Atelier Annie: Alchemists of Sera Island

atelierannie
What we liked:
+ Colorful graphics
+ Nice whimsical score
+ Alchemy micromanagement
+ Multiple endings
What we didn't like:
- Terrible main lead
- Tons of bad dialogue
- Time urgency may turn some off
- Alchemy can be confusing
- Battle system is very plain
Rating
6.8
DEVELOPER: Gust   |   PUBLISHER: NIS America   |   RELEASE: 10/27/2009

Will you shut up, Annie!!!

I have found that over the past several years, the RPG genre has evolved and how should I say it, crossbred with other genres of games. We live in an age where the First Person Shooter RPG is a reality, among the advent of Diablo-type loot gathering games. It really does seem that RPGs are kind of like the new peanut butter in the world of gaming, always adding that (one more level) mentality. Granted some RPG hybrids are complete crap and should never be experienced by any decent gamer and some just take some time before you warm up to them. Atelier Annie: Alchemists of Sera Island is one of those games that some people will love from the get-go and some people will hate with a steaming passion.

Atelier Annie is a simulator RPG for the Nintendo DS, and I must admit that I hated the game the first few hours that I spent with it, but something happened. Over time I warmed up to it and now think that it is a nice change of pace from your average portable RPG.

The story of Atelier Annie begins with a comic book style introduction of the main character with a deep male Japanese voiceover depicting a very lazy girl who sleeps all day and only dreams of getting married and having lots of money. Due to her lack of motivation, Annie’s grandfather (a master alchemist) decides to send her on a trip to place called Sera Island and put her to work on the creation of a resort paradise. Of course Annie herself does not know anything about the move, even as some pint sized creatures basically kidnap her (with her bed) as she is still sleeping. Annie wakes up on the island and we are introduced to the fairy, Pepe who is quickly established as Annie’s master of alchemy arts. Pepe basically explains that the island resort project is a three year plan and that the construction of this project is mainly contributed to alchemist who have the ability to create materials and structures at well.

At first, Annie is reluctant to do as much as lift a finger, however, the king of the island creates a contest. The king says that who ever can achieve the greatest accomplishments in the building project will have his son’s or daughter’s hand in marriage. Needless to say, Annie’s quest for the hand of the prince and a life of riches and future laziness has begun.

I must make this point; I really do not like the character of Annie. She is what you would have if Sailor Moon and Jar Jar Binks had a child. Her dumb dialogue is so bad that I felt my own IQ dropping with each second of reading the endless complaints and overly joyful comments. Annie’s stupid dialogue makes Kratos from God of War seem like Shakespeare in comparison.

Despite my dislike of the main character, the game is a good execution in experimentation. The game takes place over a three year time span; however, those three years fly by. You receive your alchemy workshop in the very beginning of the game, and you are given assignments for the construction of the island resort.
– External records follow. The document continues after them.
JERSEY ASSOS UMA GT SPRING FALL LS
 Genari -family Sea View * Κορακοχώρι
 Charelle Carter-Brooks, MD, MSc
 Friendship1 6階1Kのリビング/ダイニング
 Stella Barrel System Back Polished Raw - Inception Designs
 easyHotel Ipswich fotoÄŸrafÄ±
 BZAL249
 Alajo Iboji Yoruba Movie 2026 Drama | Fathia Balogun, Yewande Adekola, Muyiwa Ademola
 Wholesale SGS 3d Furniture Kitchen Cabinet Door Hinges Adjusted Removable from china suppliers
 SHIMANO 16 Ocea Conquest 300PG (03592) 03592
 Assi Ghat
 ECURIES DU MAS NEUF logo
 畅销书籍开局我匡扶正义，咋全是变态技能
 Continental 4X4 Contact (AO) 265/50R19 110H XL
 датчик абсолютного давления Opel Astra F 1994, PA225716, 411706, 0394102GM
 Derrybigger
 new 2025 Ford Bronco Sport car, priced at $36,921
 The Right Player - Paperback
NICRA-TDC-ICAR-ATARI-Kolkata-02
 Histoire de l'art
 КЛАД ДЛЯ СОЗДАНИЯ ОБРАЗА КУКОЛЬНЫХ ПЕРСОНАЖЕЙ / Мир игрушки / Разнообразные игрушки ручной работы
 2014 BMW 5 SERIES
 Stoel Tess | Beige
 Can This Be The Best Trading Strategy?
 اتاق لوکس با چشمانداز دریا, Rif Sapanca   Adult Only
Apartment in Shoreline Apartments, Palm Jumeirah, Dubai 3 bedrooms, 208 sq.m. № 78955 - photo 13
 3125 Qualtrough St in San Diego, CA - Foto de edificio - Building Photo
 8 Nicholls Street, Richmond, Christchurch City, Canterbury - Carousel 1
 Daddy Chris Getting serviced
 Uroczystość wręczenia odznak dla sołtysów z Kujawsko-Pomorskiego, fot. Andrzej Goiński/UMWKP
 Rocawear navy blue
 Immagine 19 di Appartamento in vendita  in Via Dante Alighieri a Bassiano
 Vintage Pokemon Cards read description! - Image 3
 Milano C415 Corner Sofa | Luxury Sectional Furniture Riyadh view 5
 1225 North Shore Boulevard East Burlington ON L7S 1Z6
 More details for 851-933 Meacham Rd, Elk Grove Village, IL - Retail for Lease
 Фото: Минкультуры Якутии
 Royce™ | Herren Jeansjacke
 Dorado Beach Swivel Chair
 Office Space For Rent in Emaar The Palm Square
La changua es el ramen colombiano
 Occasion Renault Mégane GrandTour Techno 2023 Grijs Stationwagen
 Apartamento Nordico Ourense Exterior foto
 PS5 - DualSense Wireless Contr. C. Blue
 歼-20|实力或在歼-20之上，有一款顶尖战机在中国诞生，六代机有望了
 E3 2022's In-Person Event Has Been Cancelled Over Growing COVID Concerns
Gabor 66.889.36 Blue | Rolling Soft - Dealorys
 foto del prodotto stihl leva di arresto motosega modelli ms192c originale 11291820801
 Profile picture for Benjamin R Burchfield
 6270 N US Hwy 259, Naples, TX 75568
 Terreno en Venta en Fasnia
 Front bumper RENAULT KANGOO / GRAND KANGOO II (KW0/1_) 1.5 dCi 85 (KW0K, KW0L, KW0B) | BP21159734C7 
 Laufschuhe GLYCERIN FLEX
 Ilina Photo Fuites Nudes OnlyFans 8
These assignments may involve you obtaining alchemy recipe books which you use to create objects or structures with. However, before you can demonstrate your synthesis skills you must first go outside of the major town to the gathering points in the wild. While you are collecting lots of loot that’s just laying on the ground you will get attacked from a group of monsters.

The battle system in Atelier Annie is you typical turn based RPG with a minimal (but colorful) level of graphics. Your party fights on a three-by-two square grid against the opposing party, and you can have up to three people in your party. You fight the bad guys with weapons and skills, and you can also change your party formation on the grid by which and give you an offensive or defensive advantage (kind of like football). The loot that you will receive from the fallen enemies can also be taken advantage of by the alchemy arts.

When you are not battling creatures you are creating objects via the powers of alchemy. You will also be asked to do favors from time to time which can distract you from your main goal, however your overall fame will go up which will give you better scores on your projects. The game really does turn into a micro management game while you have to keep track of materials, recipes, and money for both spending and development projects.

While you are doing all of the said tasks, time is also flying by. Days will change as you walk in gathering spots and as you exit and enter the town. This time element gives the game a sense of urgency which may turn off a lot of people, however brave through the game you will find that you can make due and that you can still be successful to a degree. This brings me to another thing about this game, multiple endings.

Depending on how well you do in the overall scheme of the game, Atelier Annie will grant you with one of seven endings. You can actually get one of the endings by being a complete lazy ass so that even losers can win.

Atelier Annie is a strange game that could find a small but eccentric audience. With nice colorful graphics, a whimsical musical score, and the addition of alchemy; Atelier Annie just might be the stay off of the RPG path that you might be looking for, even if the lame ass dialogue gets on your nerves.